Wednesday, November 25, 2009

Can Thanksgiving be "happy" without slaughter?


I am still trying to get into the right "mid-set" to read Jonathan Safran Foer's new book, Eating Animals. It's a sincere, melancholic account of his journey to self-realization and in the process getting rid of his dissonance. It's important for me to read this book at the right time since it hits right at my cognitive dissonance. Eating a modicum of "just and only" chicken once a week still glorifies my dissonance and I am still looking for the right D-Day. I cannot forever ameliorate this dissonance under an Aristotelian "Excess of Moderation" philosophy. Nonetheless my Grey Matter still would find thousand other ways to ameliorate but a deep reflection on "Categorical Imperative" will eventually flush down this dissonance forever.
In the mean time, this excellent review by Elizabeth Kolbert  is a fodder for a slaughter-less thanksgiving (since turkey had nothing to do with thanksgiving, until after WWII).

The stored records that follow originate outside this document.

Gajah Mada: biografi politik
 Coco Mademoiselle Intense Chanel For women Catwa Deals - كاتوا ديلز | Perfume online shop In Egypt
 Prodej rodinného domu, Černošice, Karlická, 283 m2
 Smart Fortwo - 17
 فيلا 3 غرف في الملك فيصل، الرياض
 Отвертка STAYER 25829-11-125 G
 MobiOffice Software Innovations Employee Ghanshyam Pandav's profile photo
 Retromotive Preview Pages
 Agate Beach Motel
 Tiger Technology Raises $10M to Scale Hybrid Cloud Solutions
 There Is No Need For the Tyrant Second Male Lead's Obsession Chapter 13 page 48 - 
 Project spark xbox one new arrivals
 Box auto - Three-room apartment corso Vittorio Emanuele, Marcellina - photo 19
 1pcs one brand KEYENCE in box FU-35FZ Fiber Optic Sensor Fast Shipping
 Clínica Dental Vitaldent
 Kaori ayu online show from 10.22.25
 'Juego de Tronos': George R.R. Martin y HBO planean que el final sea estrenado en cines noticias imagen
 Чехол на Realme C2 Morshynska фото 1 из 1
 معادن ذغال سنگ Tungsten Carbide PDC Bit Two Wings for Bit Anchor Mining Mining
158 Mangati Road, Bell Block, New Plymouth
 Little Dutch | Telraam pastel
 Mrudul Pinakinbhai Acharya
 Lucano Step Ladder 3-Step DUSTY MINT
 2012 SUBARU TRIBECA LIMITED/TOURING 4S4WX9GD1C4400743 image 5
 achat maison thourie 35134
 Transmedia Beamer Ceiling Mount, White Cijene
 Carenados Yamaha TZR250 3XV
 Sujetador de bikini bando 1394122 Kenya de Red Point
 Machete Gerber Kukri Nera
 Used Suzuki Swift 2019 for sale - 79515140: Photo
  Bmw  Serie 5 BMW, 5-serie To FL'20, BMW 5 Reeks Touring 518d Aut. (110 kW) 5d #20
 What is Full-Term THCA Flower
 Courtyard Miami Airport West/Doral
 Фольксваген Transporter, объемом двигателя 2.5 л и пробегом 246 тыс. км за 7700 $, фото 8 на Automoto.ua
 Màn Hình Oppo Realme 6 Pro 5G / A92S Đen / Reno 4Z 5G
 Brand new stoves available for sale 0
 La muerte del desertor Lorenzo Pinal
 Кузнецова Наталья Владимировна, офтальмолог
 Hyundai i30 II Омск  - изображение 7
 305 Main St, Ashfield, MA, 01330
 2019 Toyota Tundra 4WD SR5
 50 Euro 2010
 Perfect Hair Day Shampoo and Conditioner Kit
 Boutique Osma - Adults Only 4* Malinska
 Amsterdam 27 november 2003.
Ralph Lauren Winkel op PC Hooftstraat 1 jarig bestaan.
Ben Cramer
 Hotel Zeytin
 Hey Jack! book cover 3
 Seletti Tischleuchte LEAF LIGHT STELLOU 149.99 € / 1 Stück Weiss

"Americans also love to eat animals. This year, they will cook roughly twenty-seven billion pounds of beef, sliced from some thirty-five million cows. Additionally, they will consume roughly twenty-three billion pounds of pork, or the bodies of more than a hundred and fifteen million pigs, and thirty-eight billion pounds of poultry, some nine billion birds. Most of these creatures have been raised under conditions that are, as Americans know—or, at least, by this point have no excuse not to know—barbaric. Broiler chickens, also known, depending on size, as fryers or roasters, typically spend their lives in windowless sheds, packed in with upward of thirty thousand other birds and generations of accumulated waste. The ammonia fumes thrown off by their rotting excrement lead to breast blisters, leg sores, and respiratory disease. Bred to produce the maximum amount of meat in the minimum amount of time, fryers often become so top-heavy that they can’t support their own weight. At slaughtering time, they are shackled by their feet, hung from a conveyor belt, and dipped into an electrified bath known as “the stunner.”
For pigs, conditions are little better. Shortly after birth, piglets have their tails chopped off; this discourages the bored and frustrated animals from gnawing one another’s rumps. Male piglets also have their testicles removed, a procedure performed without anesthetic. Before being butchered, hogs are typically incapacitated with a tonglike instrument designed to induce cardiac arrest. Sometimes their muscles contract so violently that they end up not just dead but with a broken back.